5. Schwebende Geschäfte bleiben, wie oben unter 1. dargelegt wurde, bewertungsrechtlich unberücksichtigt, solange Rechte und Pflichten als sich gleichwertig gegenüberstehend erachtet werden. Die Begründung eines Nutzungsrechts zugunsten des Lizenznehmers ist ebensowenig eine einseitige Erfüllung des Dauerschuldverhältnisses durch den Lizenzgeber, wie die Begründung eines Nutzungsrechts durch den Verpächter zugunsten des Pächters.

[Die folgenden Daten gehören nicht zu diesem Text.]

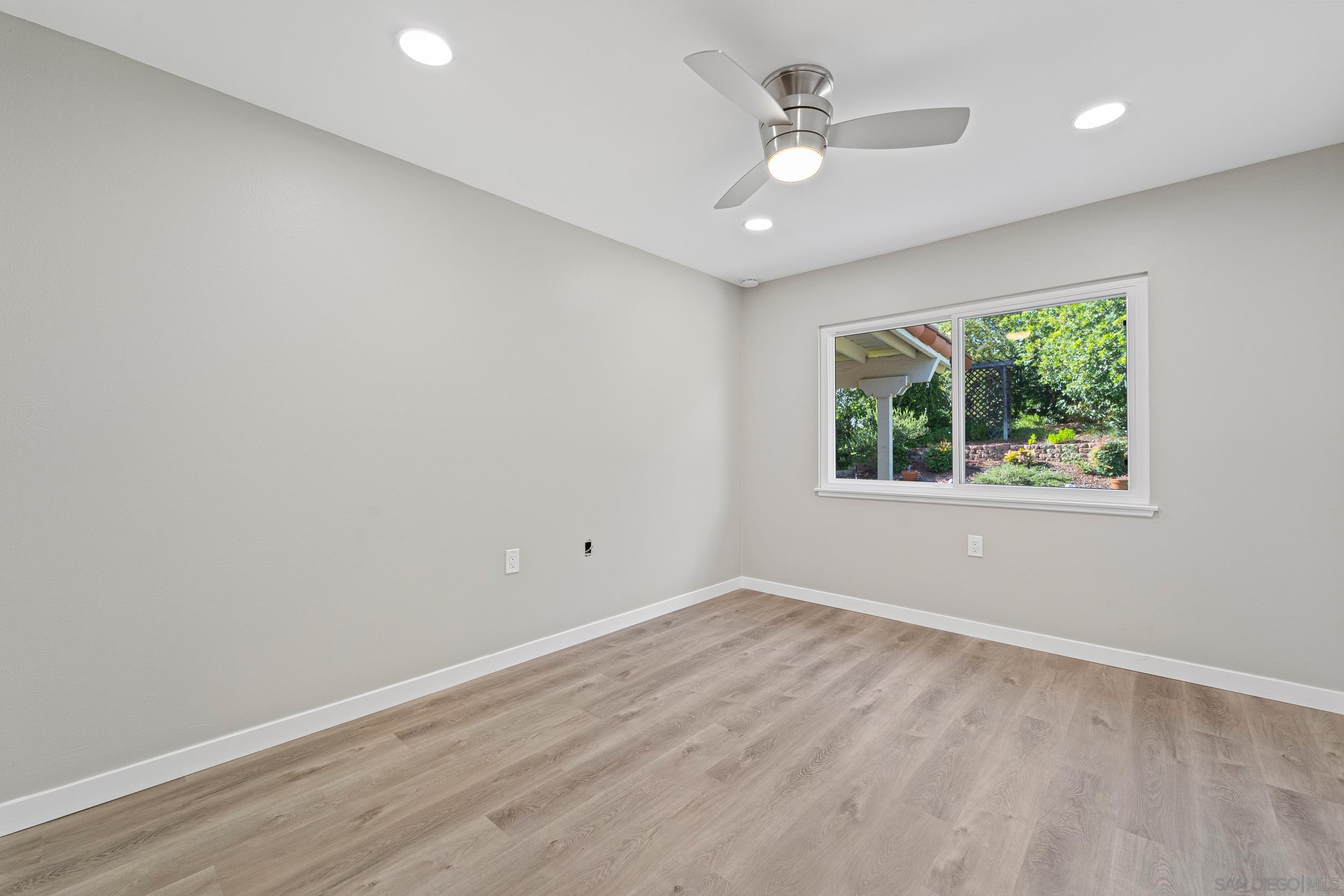 Detail Gallery Image 23 of 35 For 12424  Rios Road, San Diego,  CA 92128 - 2 Beds | 2 Baths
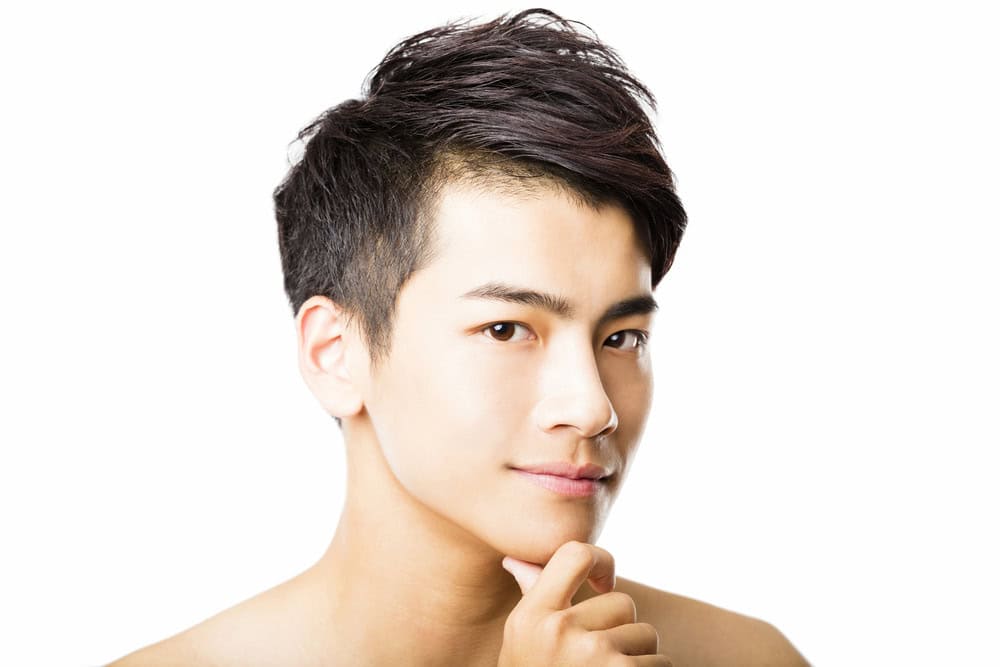 ผู้ชายตัดผมรองทรงปานกลางซึ่งเป็นทรงผมเสริมโหงวเฮ้งด้านความรัก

Sie ist vielmehr die Grundlage für den Beginn des in Rechten und Pflichten zunächst ausgeglichenen gegenseitigen Vertrags.
Auch der Lizenznehmer hat eine Vorleistung nicht erbracht; denn die Zusage einer garantierten Mindestauflage und damit garantierter Mindestlizenzgebühren kann nicht als einseitige Erfüllung durch den Lizenznehmer angesehen werden. Die Erfüllung würde weiter voraussetzen, daß die Leistung der Mindestlizenzgebühren schon bewirkt wurde. Die lediglich schuldrechtliche Verpflichtung zur Zahlung führt nicht dazu, daß eine Leistung bewirkt wird. Hinzu kommt noch, daß die Vereinbarung einer Absatztantieme mit Garantiesumme in Höhe der Vergütung für eine Mindestauflage regelmäßig als Vereinbarung einer Vorauszahlung auf die Absatztantieme anzusehen ist (vgl. Beck, a. a. O. S. 30, Leiss, Verlagsgesetz, § 28 Anm. 93). Die Forderung auf Vorauszahlung innerhalb eines schwebenden Geschäfts begründet für sich allein jedenfalls keine Vermögensmehrung, ebenso wie auch die Forderung auf eine Miet- oder Pachtvorauszahlung zu keiner Vermögensvermehrung führt, solange diese Vorauszahlung nicht bewirkt ist. Die Behandlung der im Feststellungszeitpunkt schon geleisteten Vorauszahlungen ist zwischen den Beteiligten nicht streitig, so daß der Senat hierüber nicht entscheiden kann (vgl. § 96 Abs. 1 Satz 2 FGO).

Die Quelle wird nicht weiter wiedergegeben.